= Les Aventures électriques de Zeltron =

Les Aventures électriques de Zeltron is an educational children's television series broadcast on Antenne 2's Récré A2 program in France and TVJQ in Quebec, Canada. The show was sponsored by Électricité de France (EDF) and was produced from 1979 to 1982. The companies D-3-mil and CIP Vidéo worked on the show and the staff included Marcel Dupouy.

The show features an extraterrestrial named Zeltron (voiced by Michel Elias), who resembles a small greeninsulator with orange limbs and a bolt on top of his blue head, as he teaches electricity-related subjects and history. Some episodes include his adventures and conversations with Jo and Jessie, a boy and girl living on Earth. Episodes end with a question the viewer can answer through postcard. Another character is the robot Voltix.

In the show's production, Zeltron and Voltix are marionettes with different colors than they appear in the show. A process was used to achieve cartoon-like visuals for the two characters. Early in the show's run, the backgrounds were illustrated before switching to reel footage.

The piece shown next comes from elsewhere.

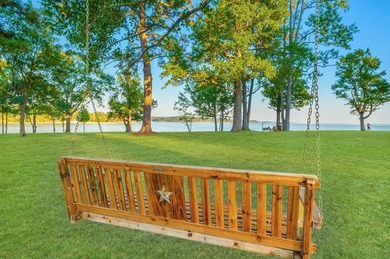 Lake Sam Rayburn  Home For Sale in Broaddus Texas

The character Zeltron was created by François Castan and made earlier appearances at the Salon de l'enfance and Les Visiteurs du mercredi in 1978. Zeltron was merchandised through products such as comics published by GP, plastic figurines, and a key ring of Zeltron with movable eyes. According to Yves Bouvier of the University of Savoy, Zeltron was the most successful EDF effort at teaching the concepts of electricity and promoting its brand towards children.